Zhao Zhuoya, Zhao Feifei, Zhao Yuxuan, Zeng Yi, Sun Yinqian
Brain-inspired Cognitive Intelligence Lab, Institute of Automation, Chinese Academy of Sciences, Beijing 100190, China.
School of Future Technology, University of Chinese Academy of Sciences, Beijing 100049, China.
Patterns (N Y). 2023 Jun 23;4(8):100775. doi: 10.1016/j.patter.2023.100775. eCollection 2023 Aug 11.
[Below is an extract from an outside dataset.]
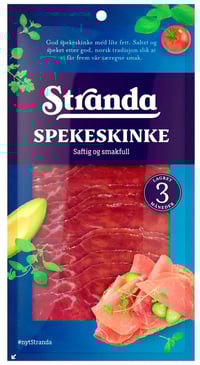 Spekeskinke 80g Stranda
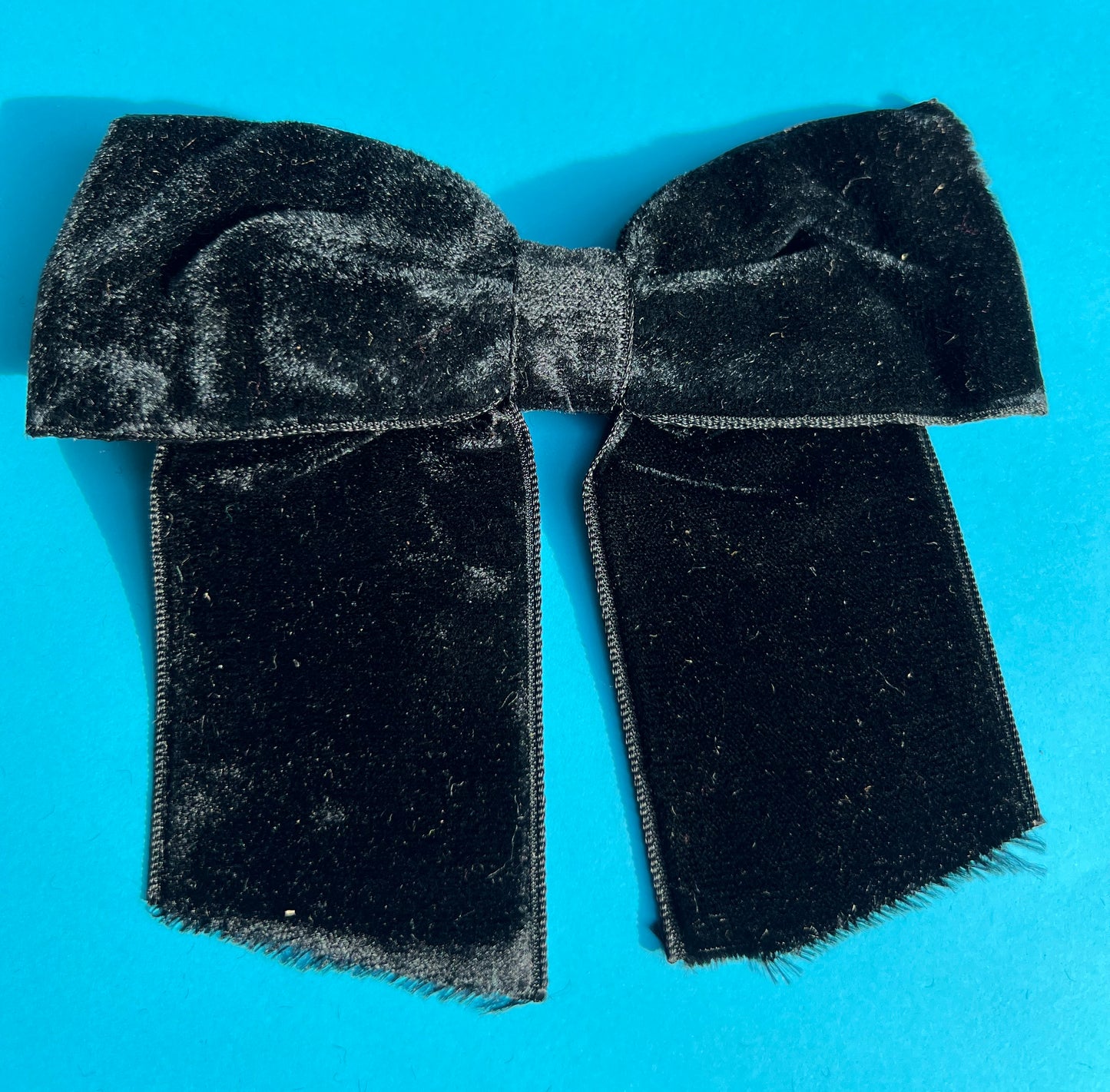 Flamboyant Black Velvet Hair Bow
During dynamic social interaction, inferring and predicting others' behaviors through theory of mind (ToM) is crucial for obtaining benefits in cooperative and competitive tasks. Current multi-agent reinforcement learning (MARL) methods primarily rely on agent observations to select behaviors, but they lack inspiration from ToM, which limits performance. In this article, we propose a multi-agent ToM decision-making (MAToM-DM) model, which consists of a MAToM spiking neural network (MAToM-SNN) module and a decision-making module. We design two brain-inspired ToM modules (Self-MAToM and Other-MAToM) to predict others' behaviors based on self-experience and observations of others, respectively. Each agent can adjust its behavior according to the predicted actions of others. The effectiveness of the proposed model has been demonstrated through experiments conducted in cooperative and competitive tasks. The results indicate that integrating the ToM mechanism can enhance cooperation and competition efficiency and lead to higher rewards compared with traditional MARL models.
在动态社交互动中,通过心理理论(ToM)推断和预测他人行为对于在合作和竞争任务中获取利益至关重要。当前的多智能体强化学习(MARL)方法主要依靠智能体观察来选择行为,但它们缺乏来自心理理论的启发,这限制了性能。在本文中,我们提出了一种多智能体心理理论决策(MAToM-DM)模型,该模型由一个MAToM脉冲神经网络(MAToM-SNN)模块和一个决策模块组成。我们设计了两个受大脑启发的心理理论模块(自我MAToM和他人MAToM),分别基于自我经验和对他人的观察来预测他人行为。每个智能体可以根据对他人预测的行动来调整自己的行为。通过在合作和竞争任务中进行的实验,证明了所提出模型的有效性。结果表明,与传统的MARL模型相比,整合心理理论机制可以提高合作和竞争效率,并带来更高的奖励。